Exparel is long acting and it could give you up to 72 hours of analgesia compared to 12-24 hours with regular Bupivacaine.
But sometimes 72 hours of neural blockade is not desirable especially if a motor nerve is involved.
Infiltration at the surgical site by the surgeon usually targets the sensory nerve endings and rarely involves any motor nerves which makes Exparel ideal.
 
Exparel is long acting and it could give you up to 72 hours of analgesia compared to 12-24 hours with regular Bupivacaine.
But sometimes 72 hours of neural blockade is not desirable especially if a motor nerve is involved.
Infiltration at the surgical site by the surgeon usually targets the sensory nerve endings and rarely involves any motor nerves which makes Exparel ideal.
Wow, that's pretty cool! I can see how targeting sensory without influencing motor function is a nice benefit, and thank you for the response (for some reason I hadn't learned about that formulation yet, even in pharmacology - I'll be interested to see if it's currently being applied by pods when I start clinical work).
 
We have done some femoral nerve blocks with exparel. It doesn't work nearly as well as a catheter for TKA. It works okay in the adductor canal space for other surgeries.

I think it is a question of concentration. let's say you run 0.125% bupviciane at 8cc's an hour for 3 days. That is 720mg of bupivicaine on the nerve.

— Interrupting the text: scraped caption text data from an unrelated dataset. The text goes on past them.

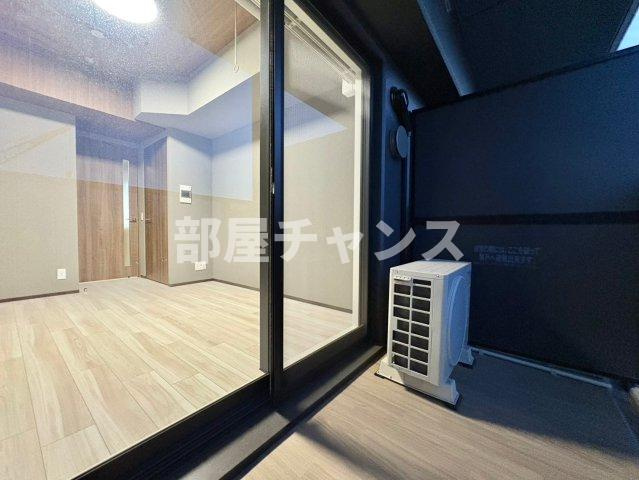 メイクスWアート今池Ⅲのバルコニー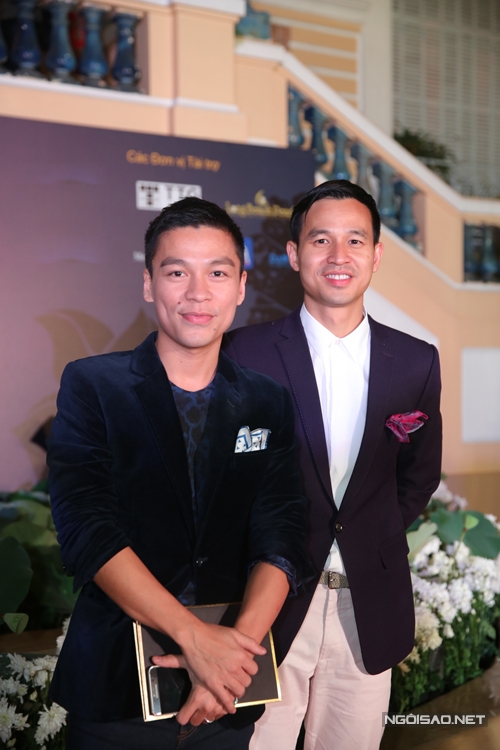 Sơn Đoàn và Adrian Anh Tuấn.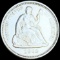 1862 Seated Half Dime UNCIRCULATED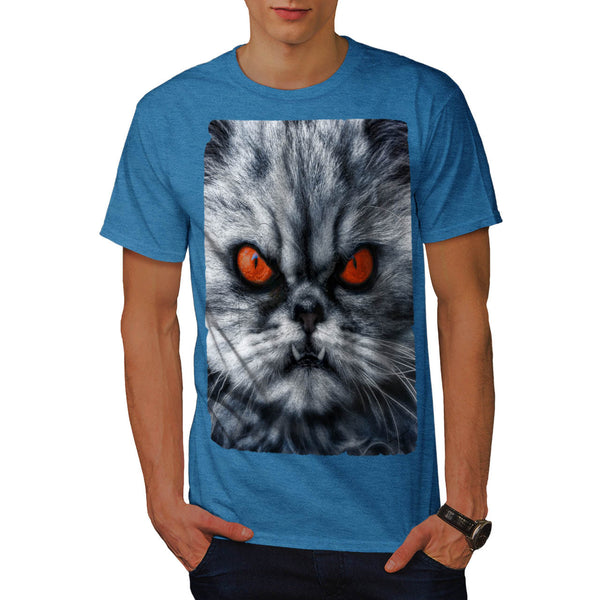 Furious Evil Kitty Mens T-Shirt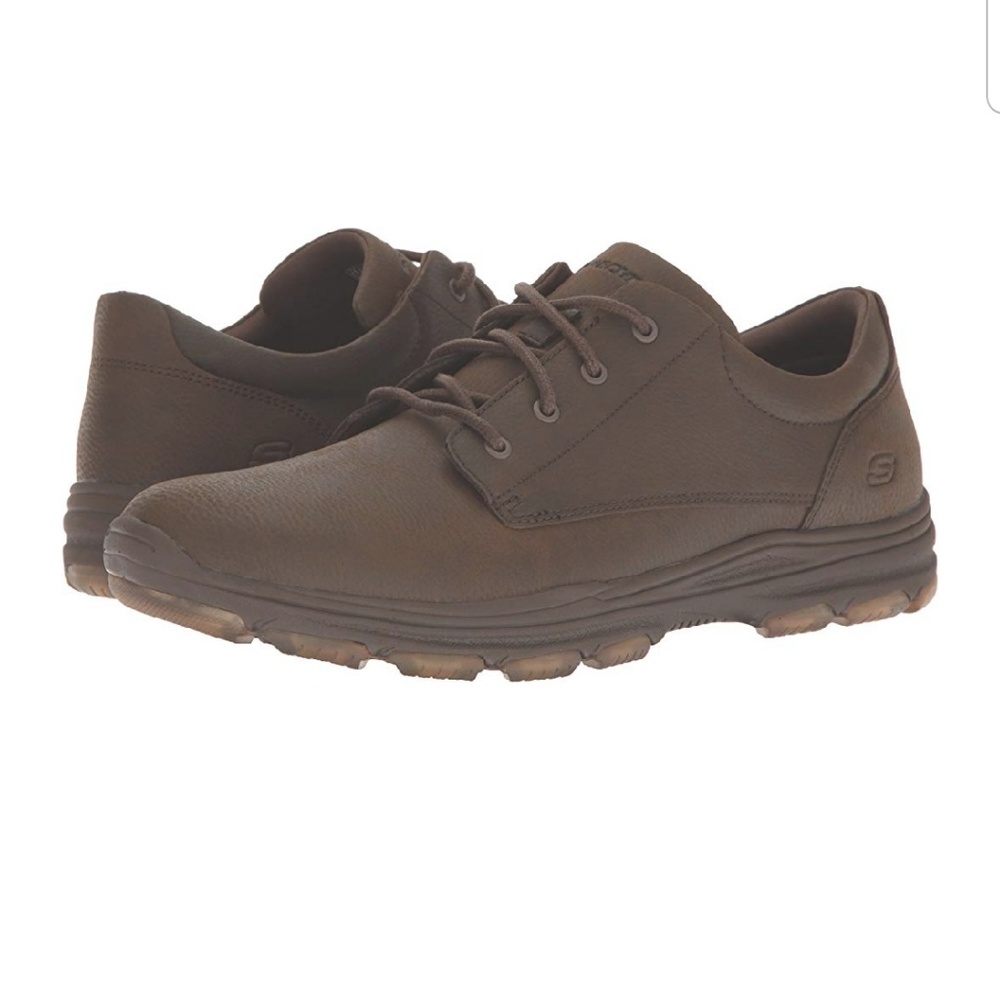 Men's Skechers Garton Modesto Oxford Brown - Picture 2 of 8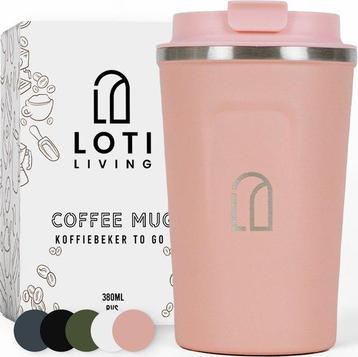 Tweedekans | Loti Living Koffiebeker To Go – Thermosbeker - beschikbaar voor biedingen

If you do a single shot - full dose exparel injection, the is only 266mg on the nerve. That is a huge difference - and probably explains why exparel on the femoral nerve doesn't make them weak generally - but also is sub par for a very painful procedure - TKA.

I would like to see a study compare knee infiltration with liposomal bupivicaine, vs adductor canal and popliteal with exparel - to see which lasts longer. I think it needs to be in a less painful surgery for reasons I just explained.

Exparel works PHENOMENAL in TAP blocks.